Getting Started
I'll mostly be following along with the online book Natural Language Processing with Python by Steven Bird, Ewan Klein, and Edward Loper while referring to Machine Learning in Python by Michael Bowles, but I'll be aiming to apply the lessons to problems that interest me personally. You can find the code associated with this blog series on my GitHub.
The ultimate goal of this machine learning practice is to produce a binary classifier for determining if a news article is related to natural resource conservation. I hope to use this classifier to learn more about current trends in the field of conservation that may also reveal interesting trends in how grant money is allocated across different study areas.
Examining the Problem
Ultimately I'll be using text processing to determine the subject of the article. One of the challenges involved in text processing is dealing with the large number of attributes. Essentially, every word in an article could be considered it's own attribute, and you could assign an even greater number of attributes to a machine learning problem if you also decide to include combinations of words and phrases.
Generally speaking, when a machine learning problem has many attributes, you'll need to feed the algorithm more training data in order to build a reliable model. This is a problem in its own right, since I don't yet have a training dataset. Essentially, I'll need to manually find articles I consider to be related to natural resource conservation and label them as such. The words used in these articles can then be extracted so the algorithm can begin to associate them the category of conservation.
Some algorithms are better than others depending on the number of attributes and the size of the dataset you can supply it. Since we already know there will be lots of attributes and I likely won't have the time to generate a huge list of articles manually labeled as conservation-related, there's a good chance a penalized linear regression algorithm will be our best choice.
Setting Up
I'll be using python 3.5.3. For a full list of other requirements, check out the requirements.txt file on the GitHub repo.
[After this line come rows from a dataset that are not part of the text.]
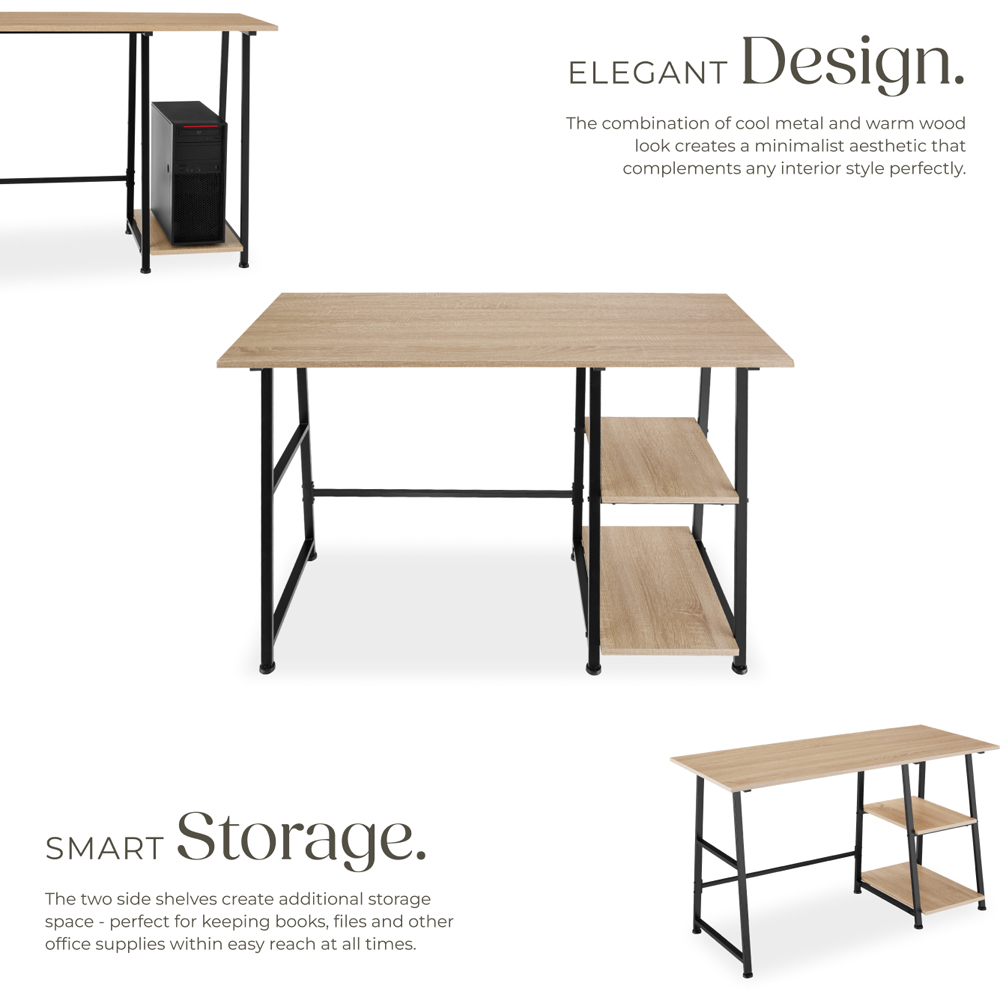 tectake Paisley Oak Sonoma Trapezoidal Desk Image 3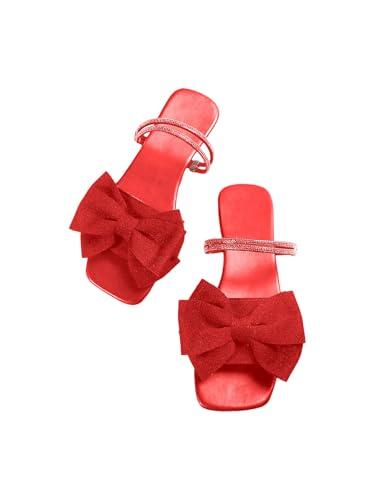 GORGLITTER Women's Bow Flat Sandals Dressy Rhinestone Slides Comfort Sandals Cute Slip On Shoes Red 9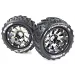 Louise 3.3" MT-Cyclone MFT Tyres on (1/2 Offset) Black Chrome Rims - Beadlocked Wheels 2Pcs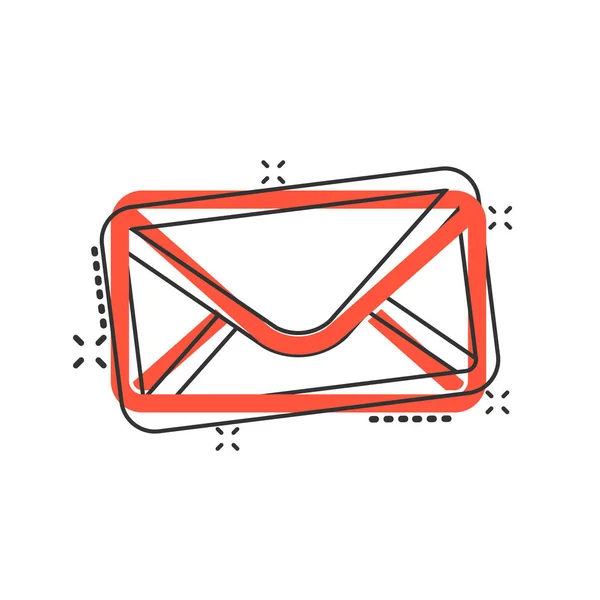 邮件信封图标在喜剧风格。 接收电子邮件垃圾邮件审查c — 图库矢量图片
First though, I'll be using the NLTK library in a Jupyter notebook:
pip install nltk
pip install jupyter
Using an Example Dataset
Before trying to create my own dataset of classified news articles, it probably makes more sense to use an existing example dataset so we can get a better idea of how to organize our own.
To get some example data, you can use the examples from the nltk book. In your interpreter, simple import nltk and use the download_gui() function. I'll only be downloading the "book" collection for now.
These examples will give us a lot to work with but "text7" is probably the most relevant to our ultimate goal since it is an extract of the Wall Street Journal.
Exploring the Data
We can first get an idea of how much information we have by using the len() function on our text data:
from nltk.book import text7
print(len(text7))
We find out that there are 100676 words and punctuation marks contained in the text7 object. Each of these items is known as a token, the majority of which won't be very useful in determining the genre of the content. We can use some of the features of the nltk library to begin paring down the data into just the useful stuff.
Logically, if we want to extract to subject of a body of text, we can probably eliminate things like punctuation and duplicate words. Such a process will also greatly reduce the amount of data we ultimately have to save and sort through when we create our own dataset. That said, the frequency of word occurrence could provide valuable information about the nature of the text. We can compromise by using something like this to try to extract the more meaningful words:
from nltk import FreqDist
fdist = FreqDist(text7)
# Create a list of hopefully important words
focused_words = sorted(w for w in set(text7) if len(w) > 5 and fdist[w] > 7)
print(focused_words)
Here we create a sorted list of words with more than 5 characters in length and occur in the text more than 7 times. Browsing through the list, we can see that we've successfully eliminated the majority of "filler" words in the English language and have been left mostly with words that are more meaningful.